Devlet âdil olmazsa ne olur

Devlet âdil olmazsa ne olur

İLHAN ORAL

Aslında adalet, kâinattaki dengeler sisteminin kıvamında mükemmel halidir. Deforme olmaz. Sarsılma ihtimali yoktur. Karışık bir görünüm vermez, izafileşmez.

Kâinat denilen uçsuz bucaksız âlemin sistemi bu denklem üzere kurulmuştur. On beş milyar yıllık bir süreçten söz ediliyor. Bu dengeler sistemi olan adalet o günden bugüne kadar süregelmiş ve yer küremizde de doğal akışı devam etmiştir. Bütün bunlara rağmen insan doğal dengesini kuramamış sürekli yalpalamıştır.

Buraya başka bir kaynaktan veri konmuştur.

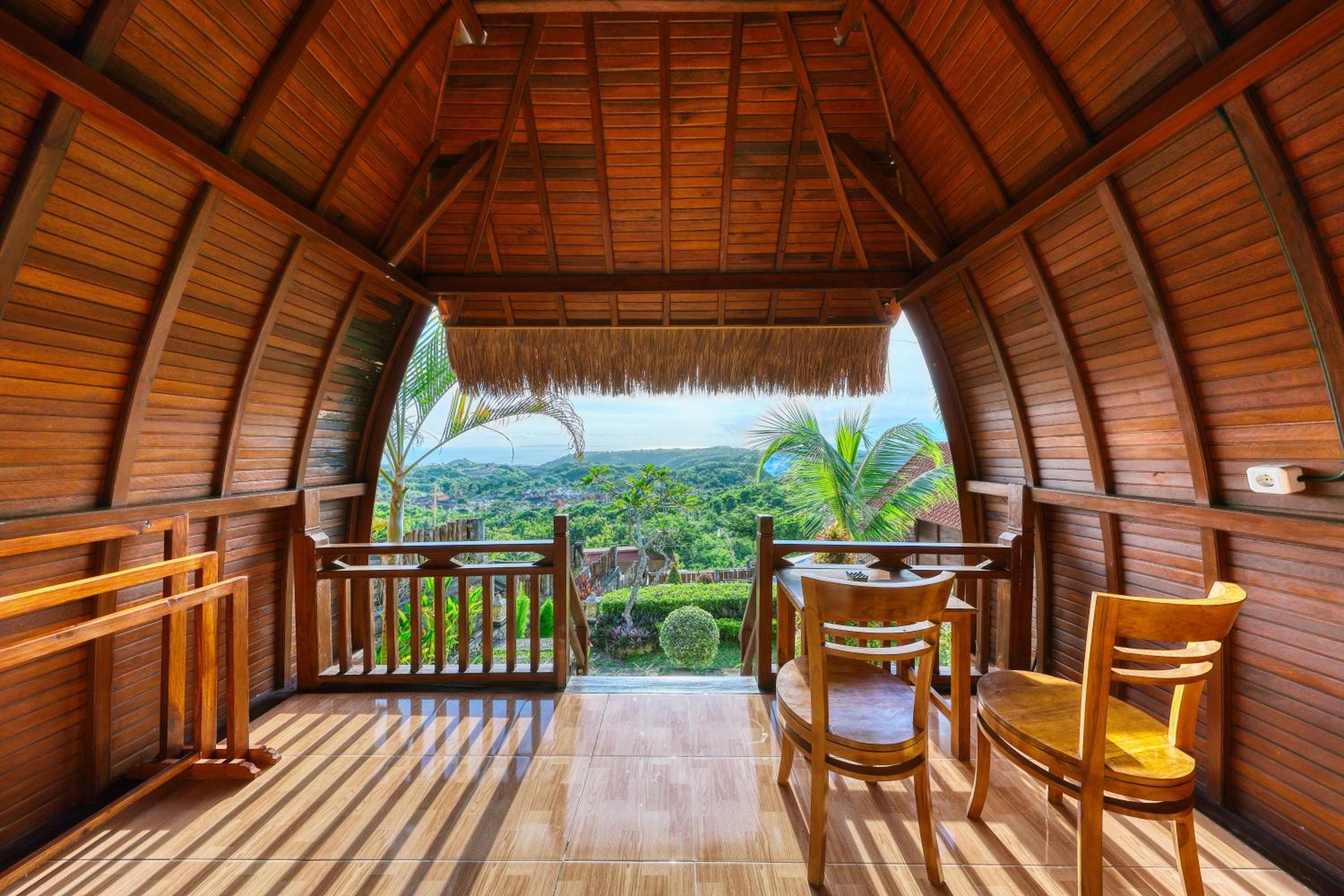 Deluxe Double Room with Sea View - Photo 10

Bu yüzden de nice kavim, nice toplum, nice devlet ve nice medeniyet adaletten uzaklaştıklarında helak olmuşlardı. Bunlar sürekli olarak fıtrat zıddına çalkantılar, sarsıntılar yaşamışlar. Bu yüzden de ne soy, ne devlet ve ne de medeniyetleri kalmıştır.

Akıllı varlık olması ona bir fayda sağlamamış nice kahredici afet ve felaketlerle silinip gitmişlerdir. İnsanlar adaletten ayrılmayıp hayatın her alanında dengeli olarak yaşamaları aslında kendileri için daha çok faydalıdır. Bunun zıddına toplumun yetkili olan sorumluları veya musluk başını işgal etmiş görevliler eşit paylaşıma özen göstermedikleri takdirde toplum katmanları arasında sınıflaşmalar anormalleşir.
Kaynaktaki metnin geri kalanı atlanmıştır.